«Сценария идеального будущего не существует»: Жители ОРДЛО о признании республик Путиным
Имена героев изменены.
Живет в Донецке.
— Последние восемь лет мы жили как на вулкане, с постоянным чувством опасности. Это было непросто. Большинство моих знакомых рады, что Путин признал республики. Но не потому, что они хотят войны с Украиной, а потому что верят, что это положит конец обстрелам, которые происходят здесь последние восемь лет. Линия разграничения находится в 15 километрах от моего дома, но я все равно слышу звуки артиллерии. После признания ДНР обстрелов стало меньше, а сегодня (22 февраля. — Прим. ред.) вообще спокойно. Жизнь идет своим чередом: люди ходят на работу, в магазин.
Большинство моих знакомых рады, что Путин признал республики.
На следующий день после приказа о мобилизации моим друзьям начали приходить повестки. Слышала, что некоторых забирали в военкомат прямо на улице, но лично я ничего подобного не видела, да и мои друзья в такие ситуации не попадали. В ЛНР приняли закон о том, что можно забирать автомобили для нужд, у нас такого нет. На работу я езжу на машине и на ней же возвращаюсь вечером домой.

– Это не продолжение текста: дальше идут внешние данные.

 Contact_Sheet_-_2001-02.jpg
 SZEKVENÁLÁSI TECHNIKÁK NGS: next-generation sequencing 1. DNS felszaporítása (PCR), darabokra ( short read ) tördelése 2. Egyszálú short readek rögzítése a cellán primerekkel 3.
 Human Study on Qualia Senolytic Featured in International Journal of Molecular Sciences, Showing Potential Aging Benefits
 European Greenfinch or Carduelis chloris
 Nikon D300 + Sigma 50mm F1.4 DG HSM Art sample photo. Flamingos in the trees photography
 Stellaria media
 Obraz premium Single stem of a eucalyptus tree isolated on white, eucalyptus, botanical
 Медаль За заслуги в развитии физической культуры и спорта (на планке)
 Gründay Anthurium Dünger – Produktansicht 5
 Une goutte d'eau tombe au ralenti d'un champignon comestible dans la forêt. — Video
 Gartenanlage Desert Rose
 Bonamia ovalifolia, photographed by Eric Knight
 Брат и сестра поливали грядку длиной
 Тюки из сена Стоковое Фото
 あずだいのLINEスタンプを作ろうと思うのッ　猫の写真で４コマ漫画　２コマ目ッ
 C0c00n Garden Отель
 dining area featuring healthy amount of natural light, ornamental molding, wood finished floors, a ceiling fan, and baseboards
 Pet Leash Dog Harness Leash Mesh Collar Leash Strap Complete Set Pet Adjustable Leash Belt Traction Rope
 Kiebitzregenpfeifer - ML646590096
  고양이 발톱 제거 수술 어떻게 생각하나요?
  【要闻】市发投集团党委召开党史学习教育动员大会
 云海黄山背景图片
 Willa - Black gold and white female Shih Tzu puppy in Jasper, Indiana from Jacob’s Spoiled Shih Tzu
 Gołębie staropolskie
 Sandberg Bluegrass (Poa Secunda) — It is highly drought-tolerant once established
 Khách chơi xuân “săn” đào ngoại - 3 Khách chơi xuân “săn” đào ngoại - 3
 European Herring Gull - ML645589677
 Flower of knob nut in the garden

Призывники вообще не понимают, куда их отправят и что им нужно будет делать. Все ждут хоть какой-то ясности: кого призовут, куда отправят?
Те, кто уехал из Донецка во время эвакуации, принимали решение об этом сами — заставить женщину с детьми просто так ради картинки сорваться с места сложно.
Большая часть моих друзей уехали из города в 2014 году, но на этот раз никто не двинулся с места. Несмотря на то что последние несколько дней были слышны звуки артиллерии, они были не такими сильными, чтобы люди испугались и сорвались куда-то. Им было недостаточно страшно. Некоторые рассуждают так: если суждено погибнуть, то лучше уж у себя дома. Я тоже не собираюсь уезжать из Донецка. Здесь родители, к тому же я люблю свой город и не могу оставить его.
За последние восемь лет каждый день нам что-то напоминало о войне: то кто-то стреляет, то беспилотник взорвется, то еще что-то бахнет. За несколько дней до объявления мобилизации звуки артиллерии стали особенно частыми.
Я слежу за новостями, но не погружаюсь в них серьезно — нельзя же все восемь лет войны пропускать новости через себя. Я не смотрела обращение Путина, но читала его онлайн. Особых эмоций я не испытывала, только легкая тревога и желание побыстрее понять, что будет дальше. Когда он признал республики, я не почувствовала ни страха, ни разочарования. Просто стало понятно, что теперь все будет по-другому. Мы и так знали, что будет, но одно дело знать, а другое — услышать это собственными ушами.
Когда он признал республики, я не почувствовала ни страха, ни разочарования.
Я не могу сказать, что в 2014 году было страшнее и ужаснее, это было только начало пути. Признание ДНР — следствие. Печально, что восемь лет назад никто ничего реально не сделал для того, чтобы предотвратить войну на Донбассе. Никто ни с кем не говорил. Если ты действительно хочешь предотвратить ужасное событие, ты будешь договариваться с кем угодно.
Первые несколько лет казалось, что если что-то изменить, то Донбасс вернется в состав Украины. Но потом стало понятно, что мы начали проживать какую-то отдельную от Украины жизнь. Восемь лет — это долго. Многие мысленно отрезали себя от Украины. Да, они все еще ездят туда, там у многих есть родственники, однако как преодолеть пропасть, которая между нами образовалась? Но я не могу себя полностью отрезать от страны, которую люблю, просто она изменилась очень сильно, по крайней мере на уровне официальной риторики. Хотя со стороны России тоже идет нездоровая реакция. И она тоже страшная. Любая ненависть — это нездорово.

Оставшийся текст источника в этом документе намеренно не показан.